# f(x)= 3x^(4)+ x^(3)-21x^2?

Let f be the function given by f(x)= 3x^(4)+ x^(3)-21x^2

a. write an equation of the line tangent to the graph of f at the point (2,-28).

b. Find all relative minimums for F(x)

c. Find the x coordinate of each point of inflection on the graph of f. Justify

### 5 Answers

- Anonymous1 decade agoBest Answer
(a) The tangent line is y = [f '(x)]x + b. So first, you need to find the derivative of the function.

f '(x) = 3(4x^3) + 3x² - 21(2x)

f '(x) = 12x^3 +3x² - 42x

Next, plug in the x value to get the slope.

f '(2) = 12(2)^3 +3(2)² - 42(2)

f '(2) = 96 +12 - 84

f '(2) = 24

Then, find b.

y = [f '(2)]x + b

-28 = (24)(2) + b

b + 48 = -28

b = -76

So your tangent line is y = 24x - 76

(b) First, find all the critical numbers.

f '(x) = 12x^3 +3x² - 42x

0 = 12x^3 +3x² - 42x

0 = 3x(4x² + x - 14)

0 = 3x(4x - 7)(x + 2)

x = 0, 7/4, -2

The critical numbers are 0, 7/4, and -2. Now you have to find the intervals where f '(x) is positive and the intervals where f '(x) is negative.

Draw your number line:

<---|---|----|------>

. . -2 0 7/4

The dots don't mean anything. Please don't include them on the paper. They are there because without them, the line would look like this on the computer:

<---|---|----|------>

-2 0 7/4

Anyway, back to the problem. You need to find whether f '(x) is positive or negative for the intervals (-∞, -2), (-2, 0), (0, 7/4), and (7/4, ∞). Plug in a test x value for each interval.

Starting with (-∞, -2):

f '(-3) = 12(-3)^3 +3(-3)² - 42(-3)

f '(-3) = -324 - 27 + 126

f '(-3) = -225

Mark the interval you just determined as negative.

. -

<---|---|----|------>

. . -2 0 7/4

Keep doing this until you know how it goes for all intervals.

f '(-1) = 12(-1)^3 +3(-1)² - 42(-1)

f '(-1) = -12 + 9 + 42

f '(-1) = 39

. - . +

<---|---|----|------>

. . -2 0 7/4

f '(1) = 12(1)^3 +3(1)² - 42(1)

f '(1) = 12 + 3 - 42

f '(1) = -27

. - . + . -

<---|---|----|------>

. . -2 0 7/4

f '(2) = 12(2)^3 +3(2)² - 42(2)

f '(2) = 96 +12 - 84 (look familiar?)

f '(2) = 24

. - . + . - . +

<---|---|----|------>

. . -2 0 7/4

If f '(x) is negative before the critical number and positive after, f(x) has a relative minimum for that critcal number. If f '(x) is positive before the critical number and negative after, f(x) has a relative maximum for that critcal number. If the sign is the same before and after the critical point, there is no relative extrema at that point.

Basically, the x values at which f(x) has a relative minimum in this case are -2 and 7/4. So just plug into the equation of f(x) to find the points.

f(-2) = 3(-2)^4 + (-2)^3 - 21(-2)²

f(-2) = 48 - 8 - 84

f(-2) = -44

f(7/4) = 3(7/4)^4 + (7/4)^3 - 21(7/4)²

f(7/4) = 7203/256 + 343/64 - 1029/16

f(7/4) = -7889/256

The relative minimums are (-2, -44) and (7/4, -7889/256).

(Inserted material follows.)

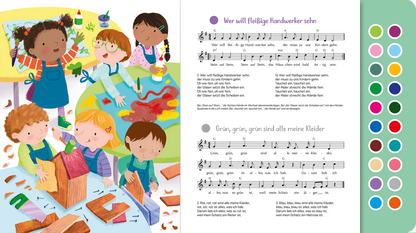 Gezeigt wird eine Innen- oder Zusatzansicht von „Sing mit! Tanzlieder“. Auf der linken Seite sind fünf Kinder zu sehen, die beschäftigt mit Bastelmaterialien arbeiten. Sie sind vielfältig dargestellt, tragen bunte Schürzen und haben unterschiedliche Frisuren. Auf der rechten Seite ist ein Notentext für zwei Lieder abgedruckt, wobei die Notenlinien einfach und klar strukturiert sind. Die Farben sind lebhaft: Blau, Grün, Rot und Lila dominieren, während die Schrift gut lesbar ist. In...
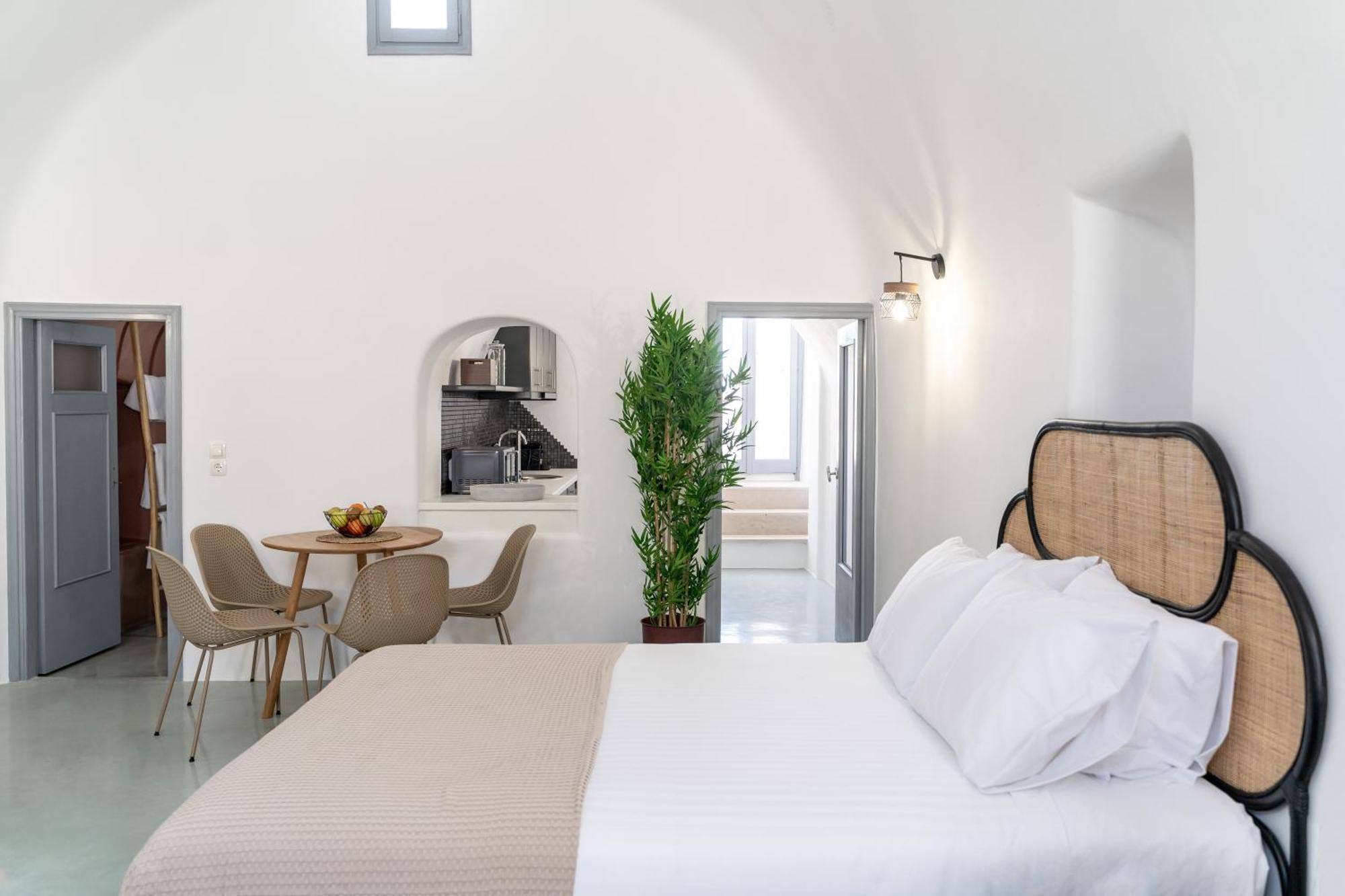 Evanthia Best View Thirassia Island Hotel Buitenkant foto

(c) First find the second derivative.

f '(x) = 12x^3 +3x² - 42x

f "(x) = 12(3x²) + 3(2x) - 42

f "(x) = 36x² + 6x - 42

Now find x when f "(x) = 0

0 = 36x² + 6x - 42

0 = 6(6x² + x - 7)

0 = 6(6x + 7)(x - 1)

x = -7/6, 1

And that's your answer.

I am certain because we know from part (b) that these points lie between the relative minima and the relative maximum. The process for finding those two x values we found reveal x values where a point of inflection is possible, but there is always a point of inflection when you shift from a relative minimum to a relative maximum and vice-versa.

- nicotLv 43 years ago
i in my opinion choose childrens could supply up posting retardedly simplistic homework that may no longer be able to be defined without in easy terms offering you with the recommendations. Ask your mum and dad that would fairly assist you you. in the event that they are actually no longer able to determine those out then.... my god...

- druckLv 43 years ago
i in my view choose infants can supply up posting retardedly simplistic homework that isn't be waiting to be defined with out basically providing you with the ideas. Ask your moms and dads that could extremely assist you you. in the event that they're now unable to establish those out then.... my god...

- How do you think about the answers? You can sign in to vote the answer.